= Task details =
The response must consist of the lines from the one holding "image for item" through the final line of the entries, given again exactly and without any pictures.

(Data to use begins)

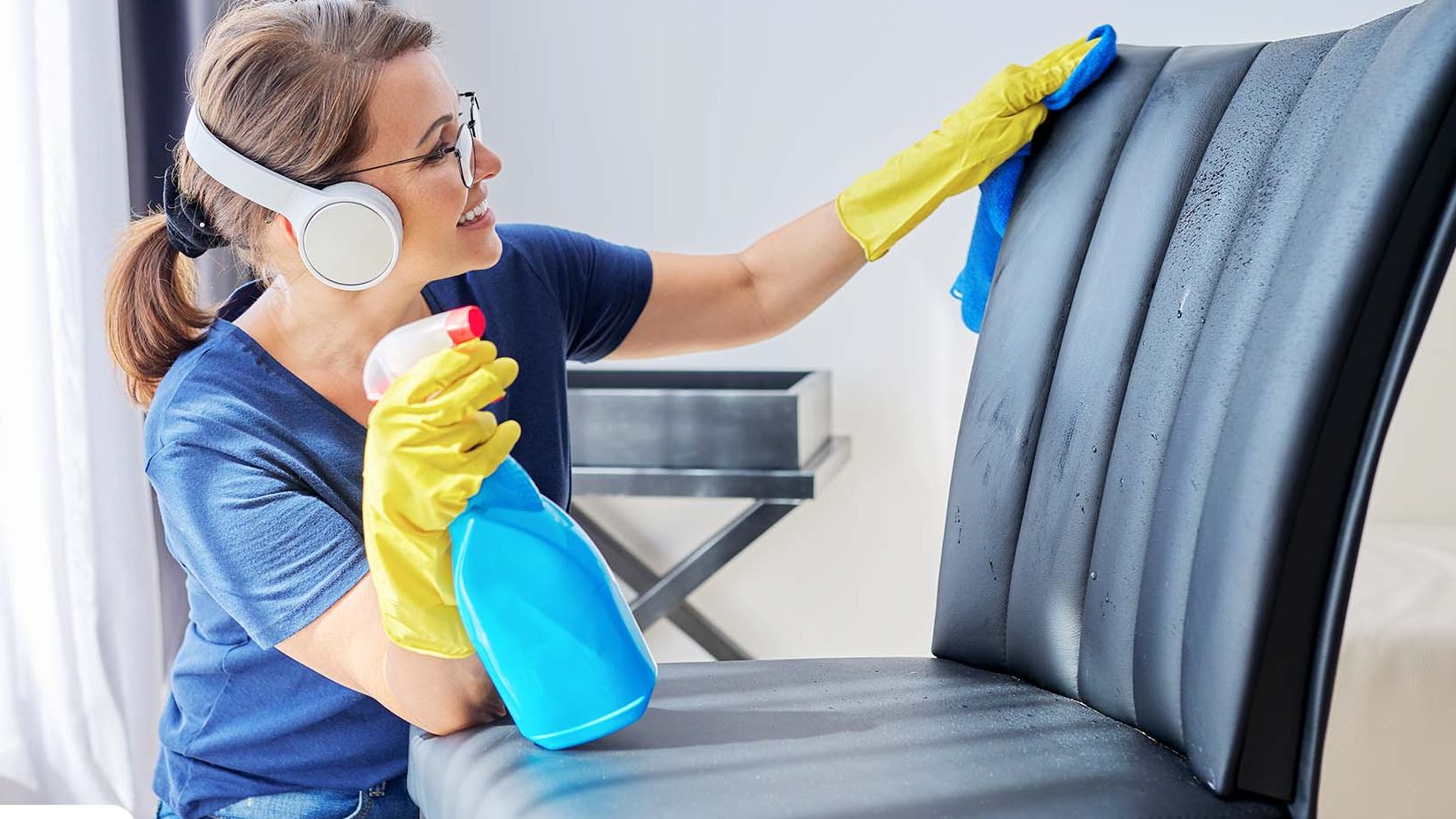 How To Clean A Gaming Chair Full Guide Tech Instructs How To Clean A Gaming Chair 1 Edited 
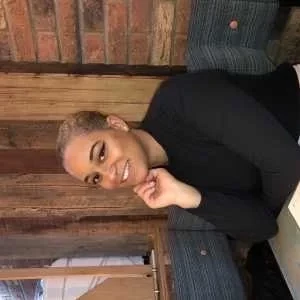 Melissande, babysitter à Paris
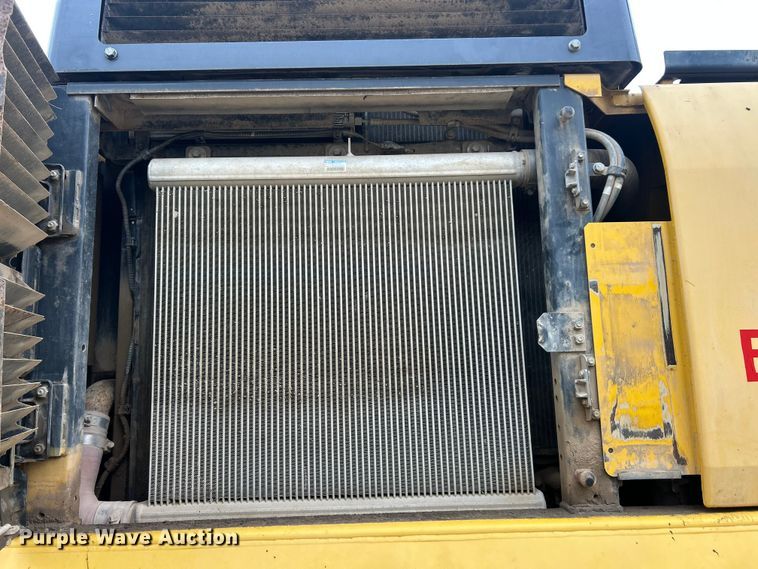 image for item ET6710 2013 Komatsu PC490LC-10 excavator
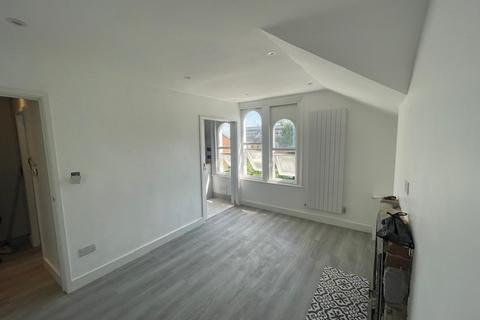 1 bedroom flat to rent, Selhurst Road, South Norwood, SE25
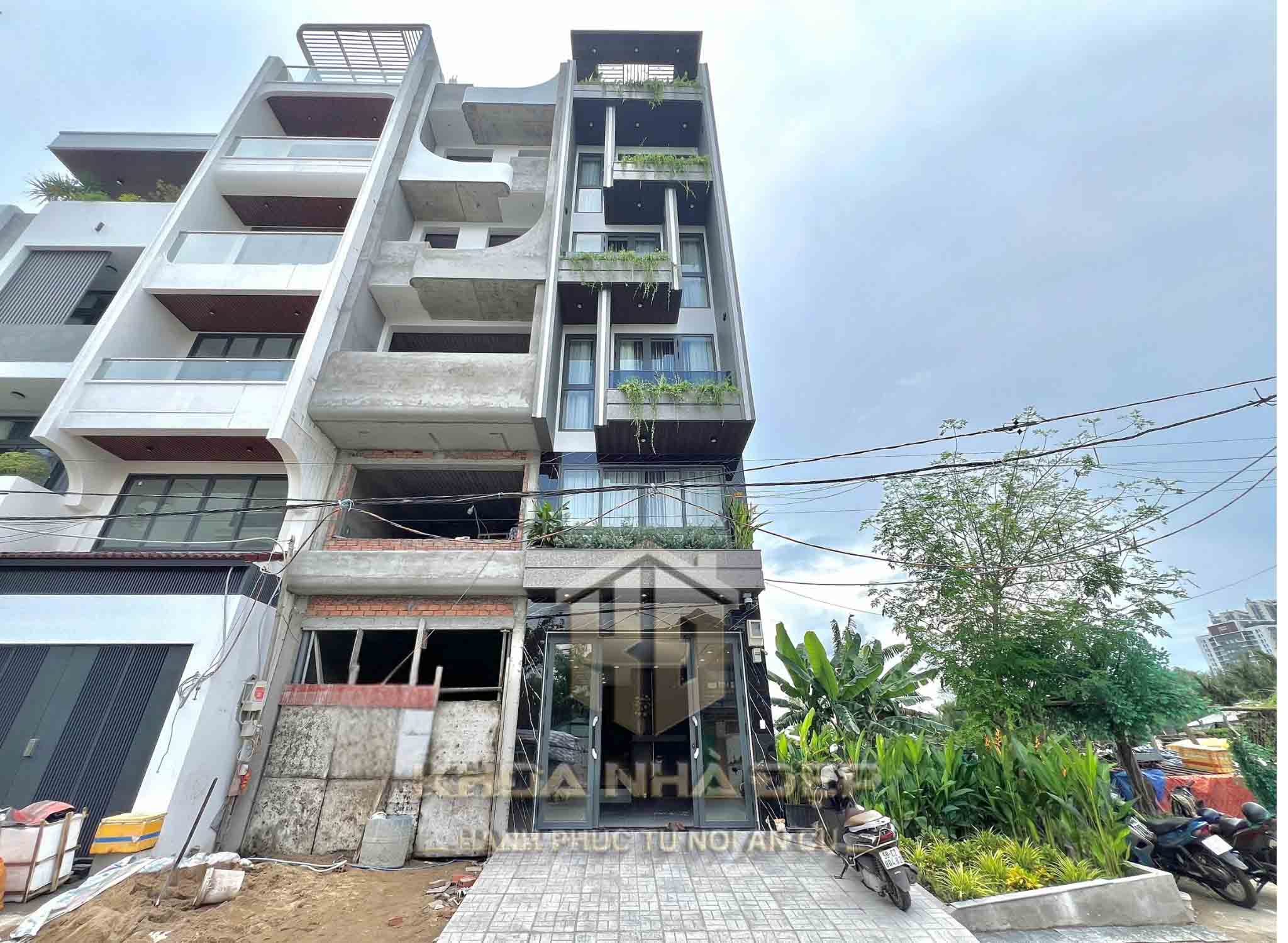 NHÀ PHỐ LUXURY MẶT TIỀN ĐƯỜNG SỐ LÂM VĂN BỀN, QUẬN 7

(Data to use ends)

= Exercise response =
 image for item ET6710 2013 Komatsu PC490LC-10 excavator
 1 bedroom flat to rent, Selhurst Road, South Norwood, SE25
 NHÀ PHỐ LUXURY MẶT TIỀN ĐƯỜNG SỐ LÂM VĂN BỀN, QUẬN 7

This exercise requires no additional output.